- What is required -
Take every record and write it out again exactly, with no images included.
(Available records Opens)
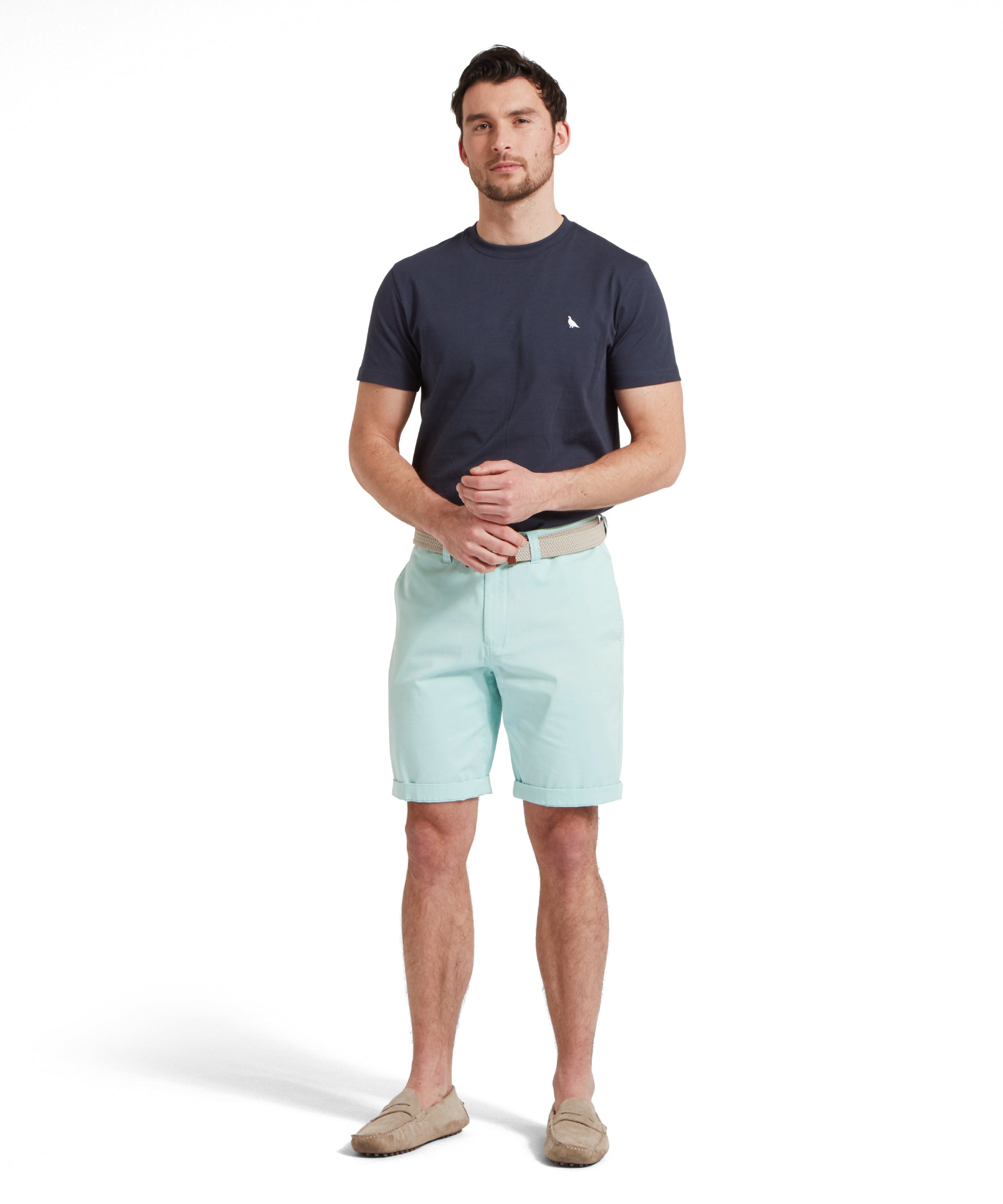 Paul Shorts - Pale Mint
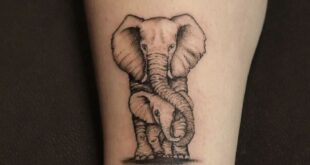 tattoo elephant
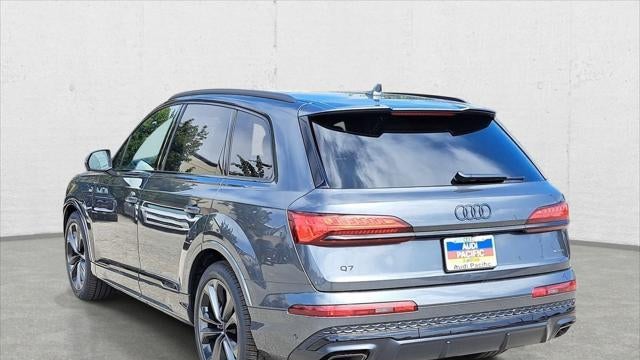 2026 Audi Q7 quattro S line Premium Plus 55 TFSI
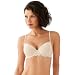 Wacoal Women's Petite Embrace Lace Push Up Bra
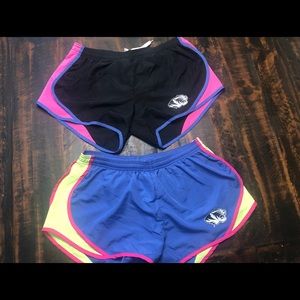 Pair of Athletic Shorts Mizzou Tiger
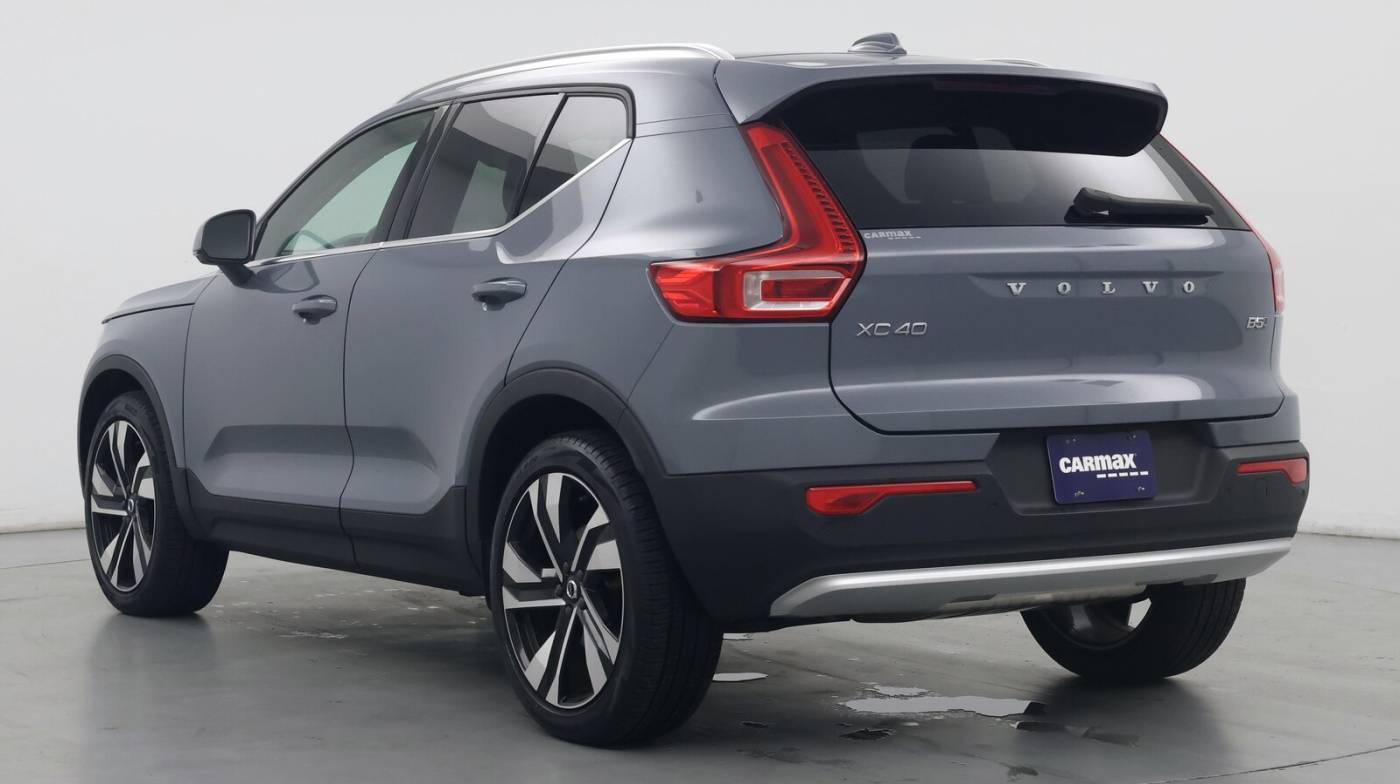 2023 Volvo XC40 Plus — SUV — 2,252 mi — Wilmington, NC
(Available records Closes)
- Written answer -
 Paul Shorts - Pale Mint
 tattoo elephant
 2026 Audi Q7 quattro S line Premium Plus 55 TFSI
 Wacoal Women's Petite Embrace Lace Push Up Bra
 Pair of Athletic Shorts Mizzou Tiger
 2023 Volvo XC40 Plus — SUV — 2,252 mi — Wilmington, NC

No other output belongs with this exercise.